Consider this reality. In his 1980 race against President Carter, when Gov. Reagan won 56 percent of the nation’s white vote, whites comprised 88 percent of the total national electorate. Simply stated, Reagan’s 1980 share of the white vote alone constituted 49.3 percent of all voters. This meant that for the Gipper to achieve his overall 51 percent majority he simply had to earn the support of one out of seven non-white voters — which is what he did.

But by 2008, enormous changes were taking place. The white share of the national vote had fallen to 74 percent. So Reagan’s 56 percent share of that group would have translated into just 41.2 percent of all voters. Demographic shifts, by themselves, would have subtracted more than 8 percentage points from Ronald Reagan’s 1980 victory margin.

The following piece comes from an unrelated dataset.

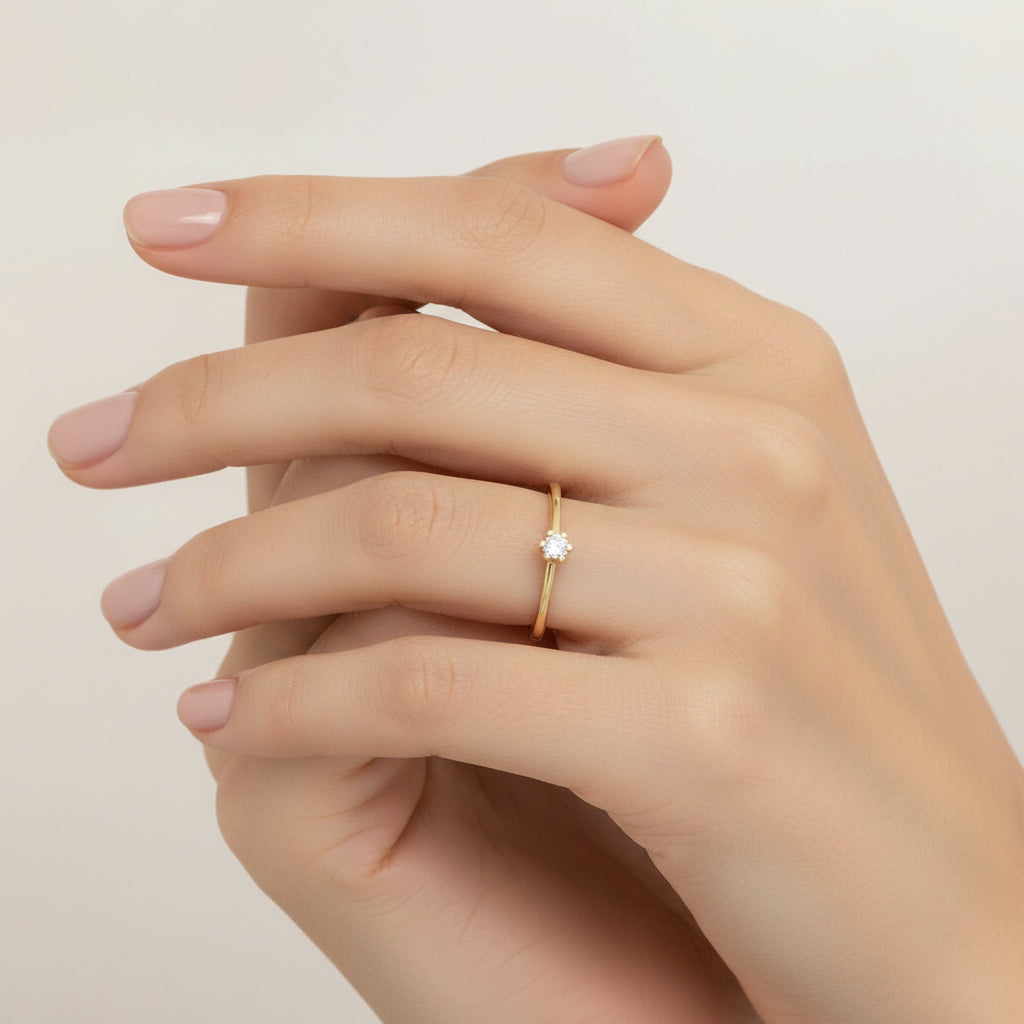 Anillo de oro amarillo de 14k con diamante cultivado en laboratorio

Mike Murphy uses facts such as these as a reminder that nobody can live in the past and succeed politically. Having worked for a couple of dozen Republican candidates — including John McCain, Mitt Romney, Jeb Bush and Arnold Schwarzenegger — Murphy has real credibility when he warns his party that anti-immigrant rhetoric of the variety heard from — mostly losing — Republican candidates in 2008 and 2010 could doom the party of Abraham Lincoln and Reagan to permanent minority status.

Consider California, where Murphy now lives. In 2008, whites were just 63 percent of the total state vote. African-American, Latino, Asian and other totaled 37 percent. By Murphy’s calculations, unless Republicans can dramatically improve their following among those groups of voters (whom Barack Obama carried collectively by more than 75 percent), Republican candidates will be required to win a minimum two out of three California white votes in order to win a statewide election. In 2008, John McCain received 46 percent of the votes of white Californians.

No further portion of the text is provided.